Exercise instructions: Before you write out the listing, remove the pictures; everything else stays exactly as it is.

------ Given data ------

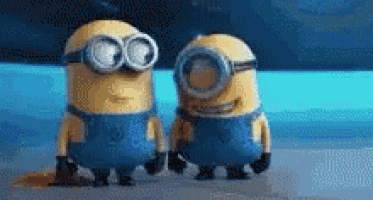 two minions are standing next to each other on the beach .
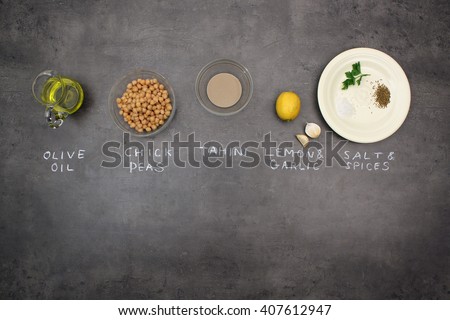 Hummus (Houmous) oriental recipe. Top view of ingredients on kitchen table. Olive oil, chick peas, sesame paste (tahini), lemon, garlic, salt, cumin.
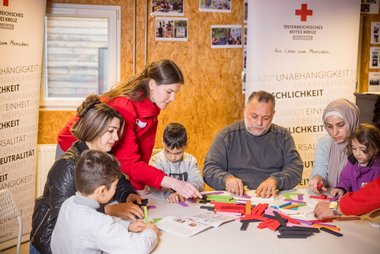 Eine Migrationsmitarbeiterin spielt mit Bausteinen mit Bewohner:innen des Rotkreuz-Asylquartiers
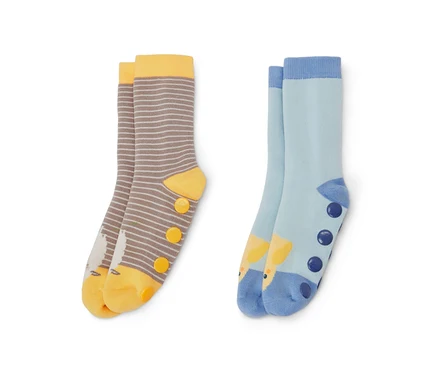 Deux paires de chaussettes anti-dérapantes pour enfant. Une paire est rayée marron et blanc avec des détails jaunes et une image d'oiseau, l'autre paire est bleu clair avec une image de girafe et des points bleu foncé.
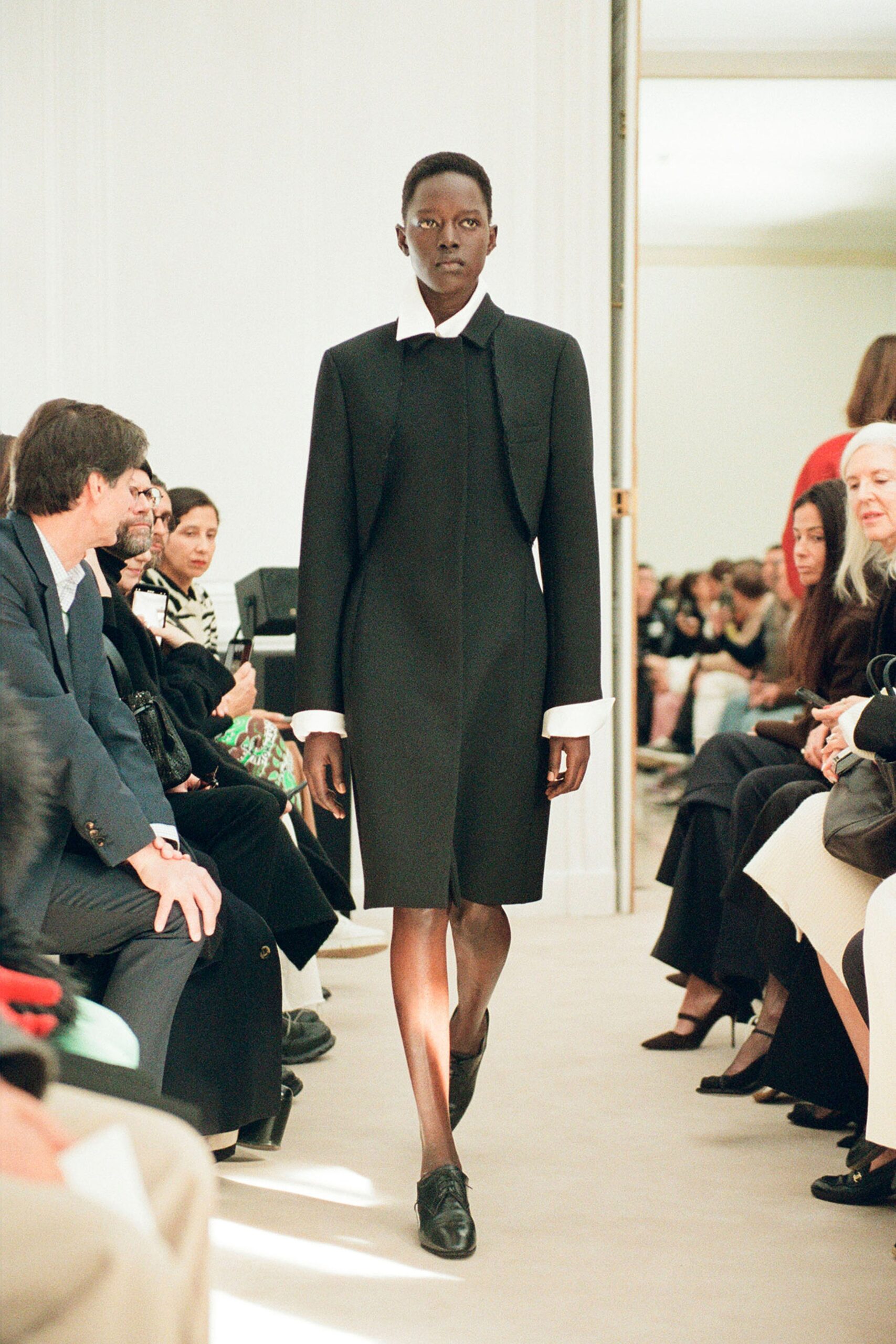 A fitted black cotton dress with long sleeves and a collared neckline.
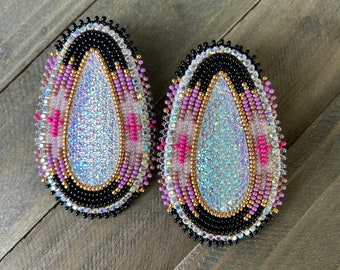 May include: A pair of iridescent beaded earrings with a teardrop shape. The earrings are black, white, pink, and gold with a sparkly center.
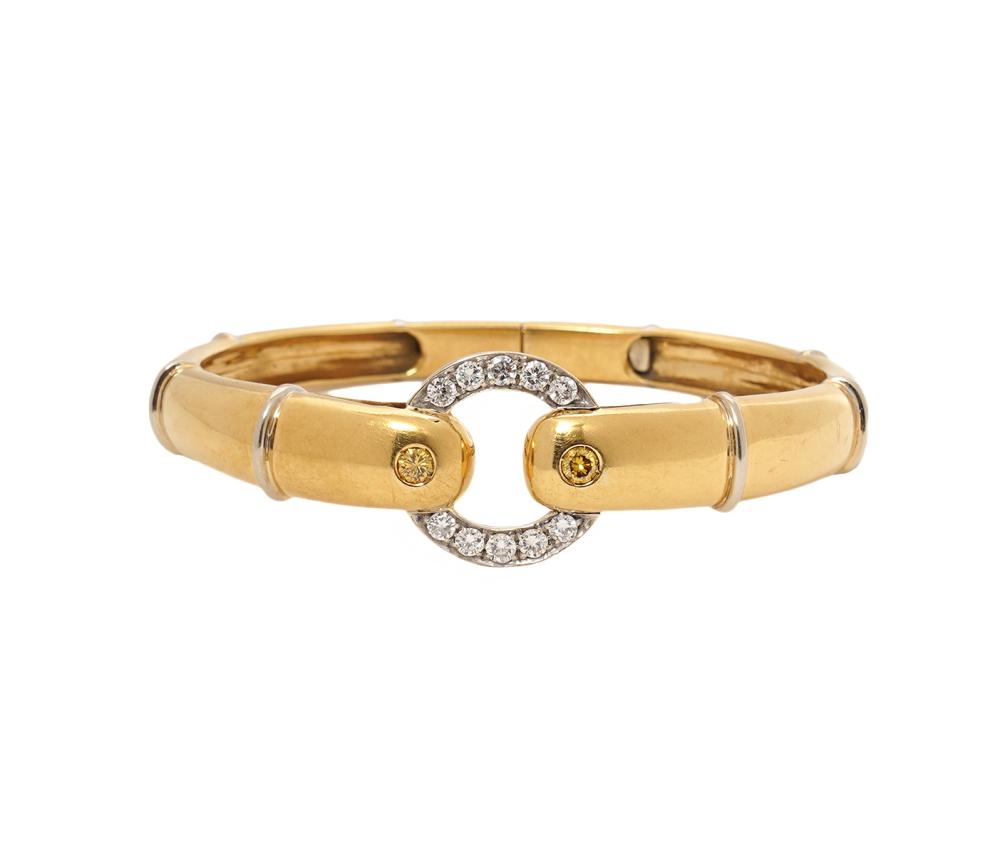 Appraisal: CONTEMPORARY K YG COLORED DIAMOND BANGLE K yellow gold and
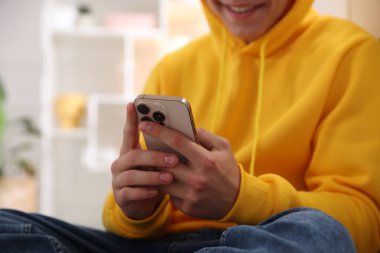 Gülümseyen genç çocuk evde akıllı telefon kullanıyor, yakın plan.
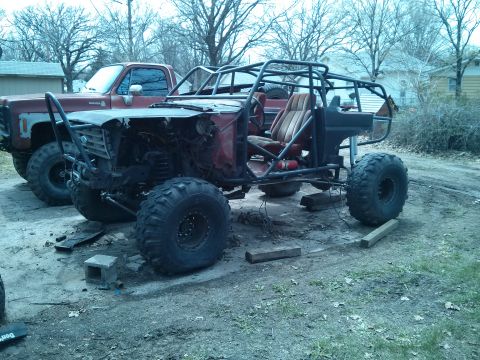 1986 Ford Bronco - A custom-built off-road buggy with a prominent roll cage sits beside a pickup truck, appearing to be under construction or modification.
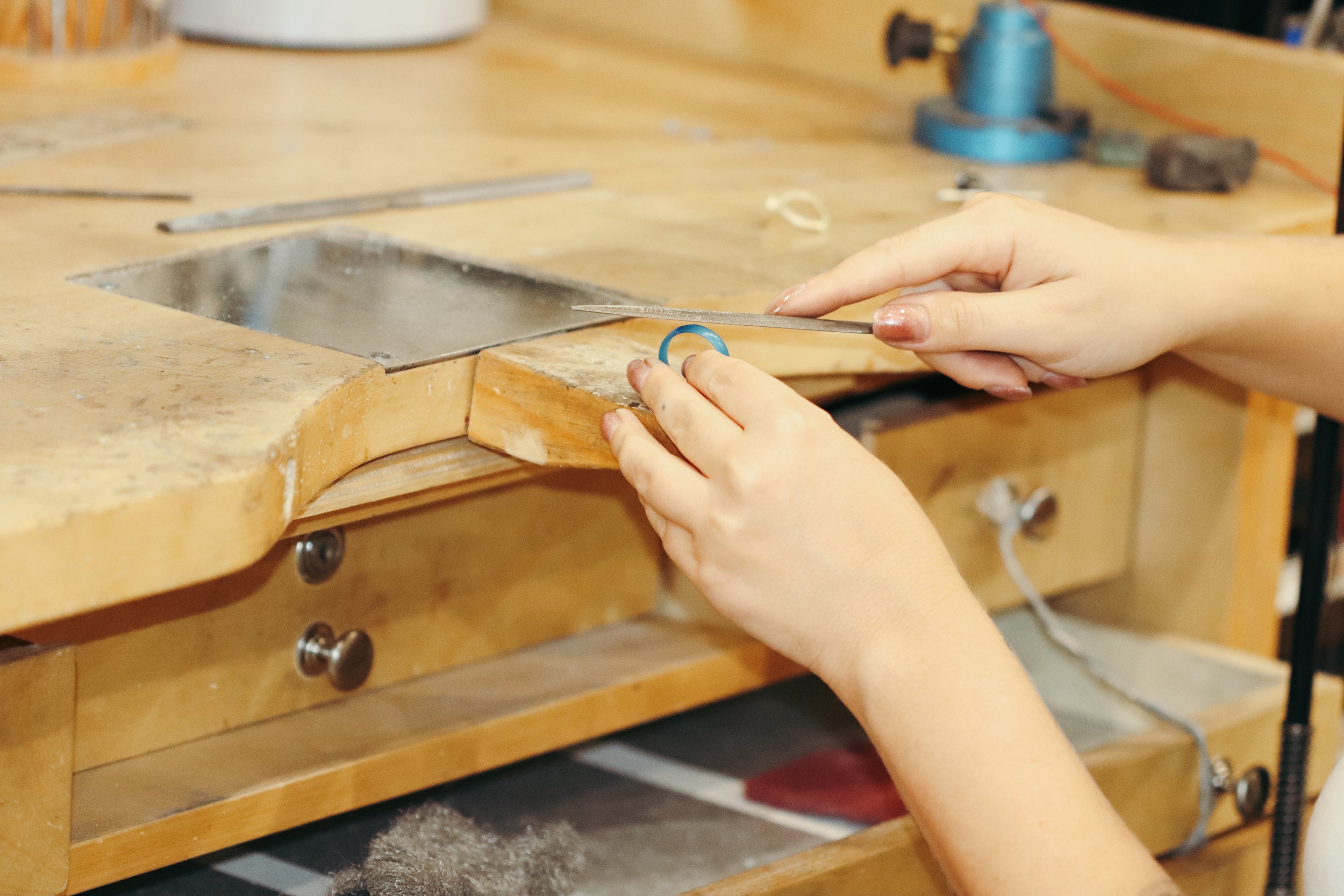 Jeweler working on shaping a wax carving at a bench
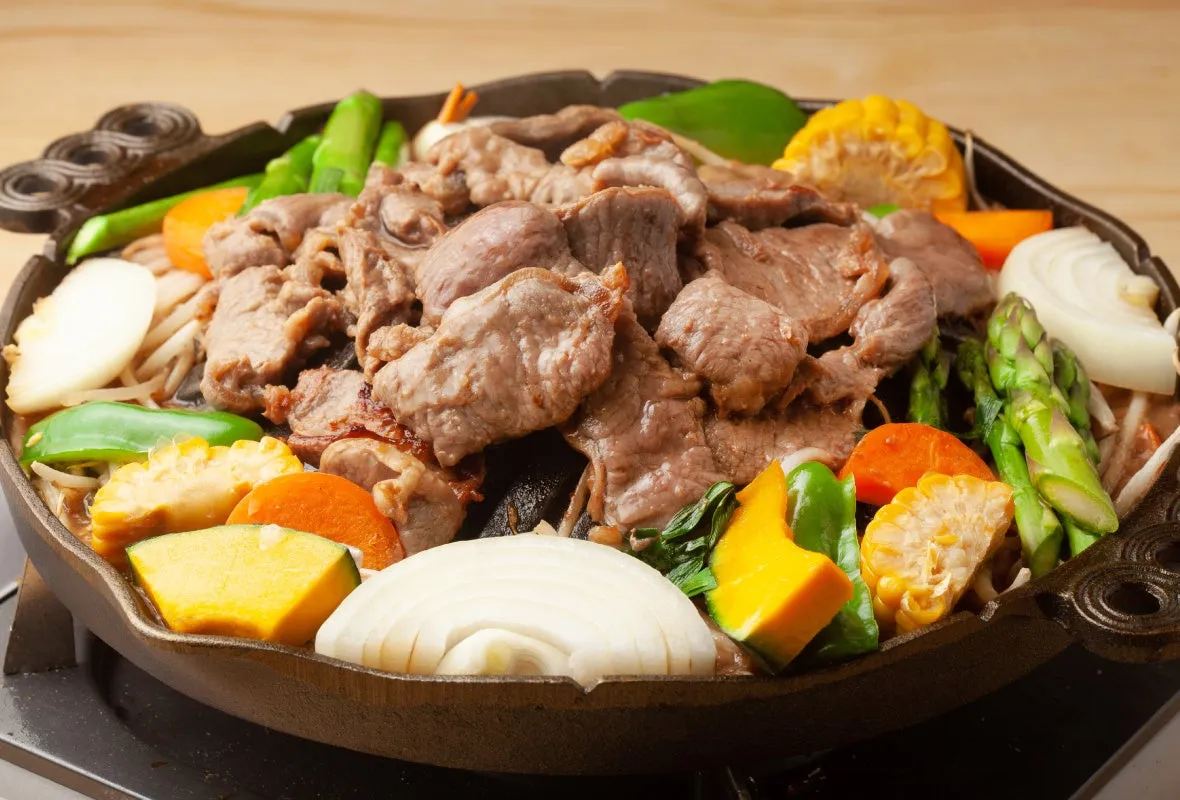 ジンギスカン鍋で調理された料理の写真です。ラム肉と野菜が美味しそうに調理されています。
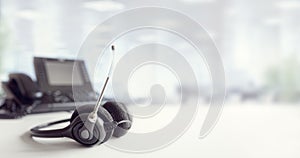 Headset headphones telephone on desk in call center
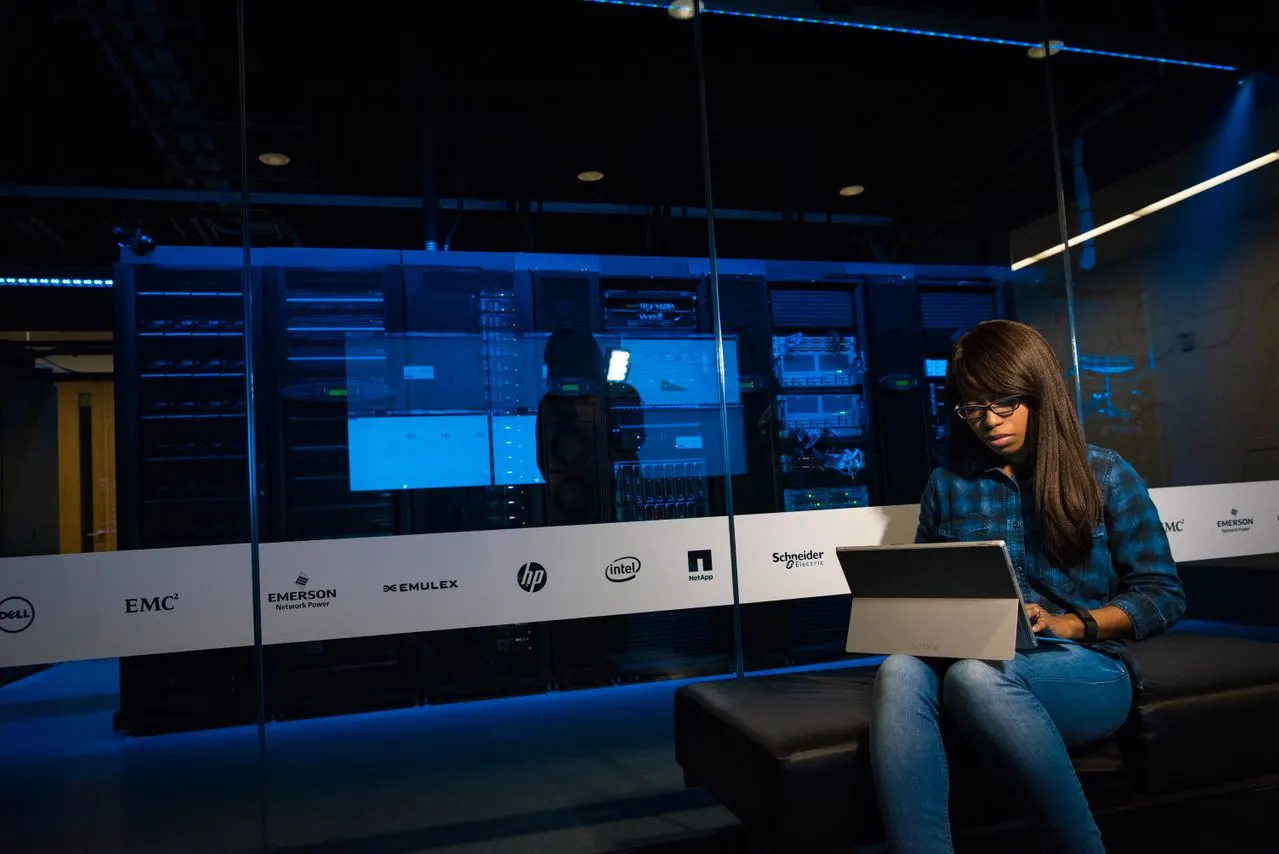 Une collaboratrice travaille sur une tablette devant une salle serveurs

------

Reply:
 two minions are standing next to each other on the beach .
 Hummus (Houmous) oriental recipe. Top view of ingredients on kitchen table. Olive oil, chick peas, sesame paste (tahini), lemon, garlic, salt, cumin.
 Eine Migrationsmitarbeiterin spielt mit Bausteinen mit Bewohner:innen des Rotkreuz-Asylquartiers
 Deux paires de chaussettes anti-dérapantes pour enfant. Une paire est rayée marron et blanc avec des détails jaunes et une image d'oiseau, l'autre paire est bleu clair avec une image de girafe et des points bleu foncé.
 A fitted black cotton dress with long sleeves and a collared neckline.
 May include: A pair of iridescent beaded earrings with a teardrop shape. The earrings are black, white, pink, and gold with a sparkly center.
 Appraisal: CONTEMPORARY K YG COLORED DIAMOND BANGLE K yellow gold and
 Gülümseyen genç çocuk evde akıllı telefon kullanıyor, yakın plan.
 1986 Ford Bronco - A custom-built off-road buggy with a prominent roll cage sits beside a pickup truck, appearing to be under construction or modification.
 Jeweler working on shaping a wax carving at a bench
 ジンギスカン鍋で調理された料理の写真です。ラム肉と野菜が美味しそうに調理されています。
 Headset headphones telephone on desk in call center
 Une collaboratrice travaille sur une tablette devant une salle serveurs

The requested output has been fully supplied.